Yesterday was momentous, but we should not lose sight of the head of the IMF saying that the Chinese renminbi could take
steps to becoming a global reserve currency. To be specific: Dominique Strauss-Kahn has in mind adding renminbi to the IMF’s Special Drawing Rights system. In itself, no big deal – but a
notable kiss being blown to Beijing.
It fits a trend. The Chinese, notoriously, manipulate the value of their currency to keep their goods cheap, so they can’t have their currency treated with reserve status. But power is
shifting – and America’s fiscal misbehaviour has unsettled international investors. John Peace, chairman of UK bank Standard Chartered, put it well the other day: “the last decade was characterized by ‘made in China’.
This one by ‘owned in China’. The next one: ‘paid by China’.” This week an Oxford academic, Karl Gerth, published a book As China Goes, So Goes the World, where he predicts
that it will soon become common for leading British shops to accept the renminbi.
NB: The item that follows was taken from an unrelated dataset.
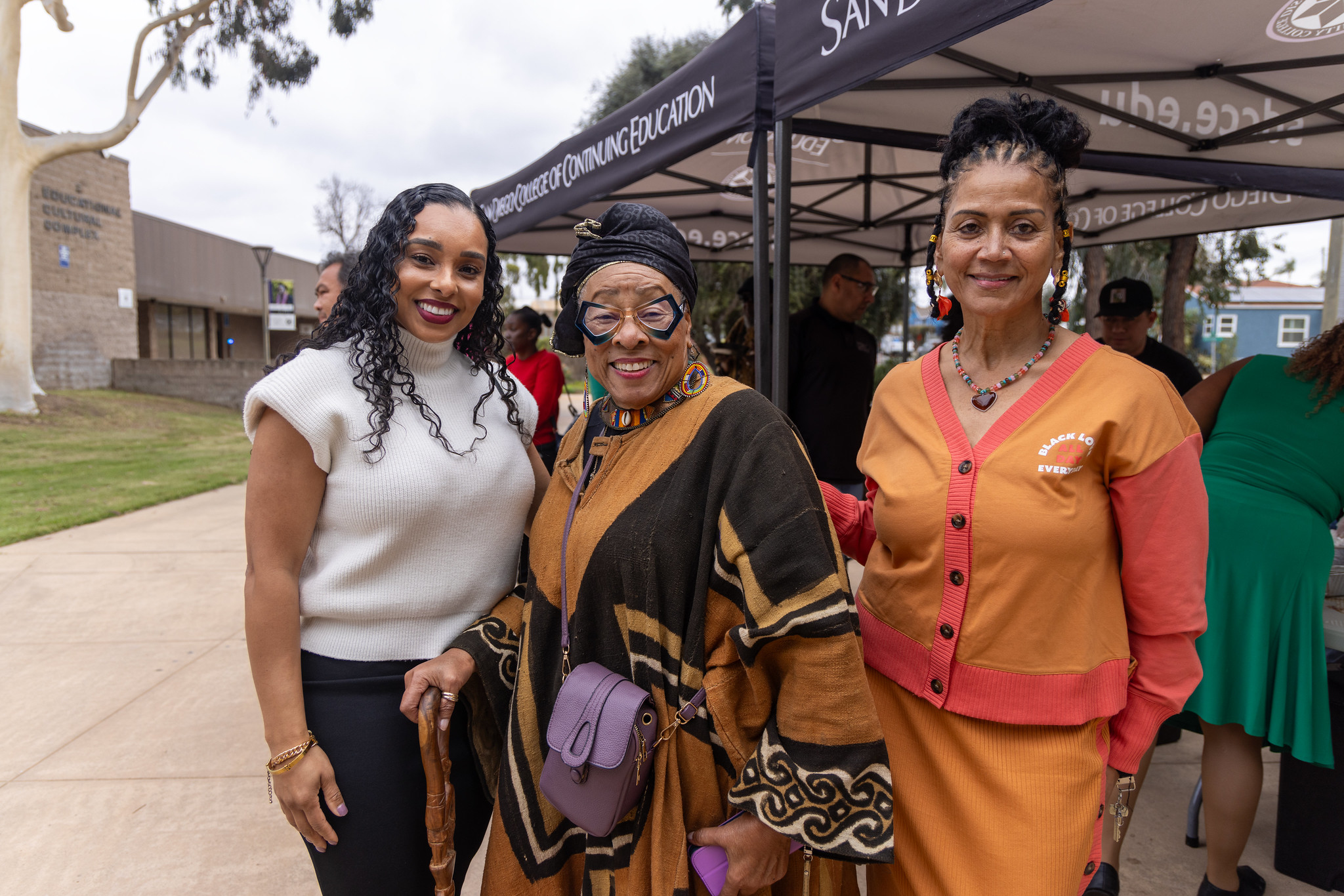 
College of Continuing Education President Tina King with two ladies at a welcome booth at the Educational Cultural Complex.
China has long complained about the dollar’s status as a reserve currency, but it’s starting to act. A few weeks
back, Russia and China said they’d abandon dollar trade dealings with each other and use their own
currencies instead. With Obama now printing freshly-minted dollars to fund his own staggering debt-fuelled consumption drive, you can understand how international investors would be nervous. But so
far, they’ve not had very much real choice. There is the distinct sense of all this changing, and sooner than the West would like.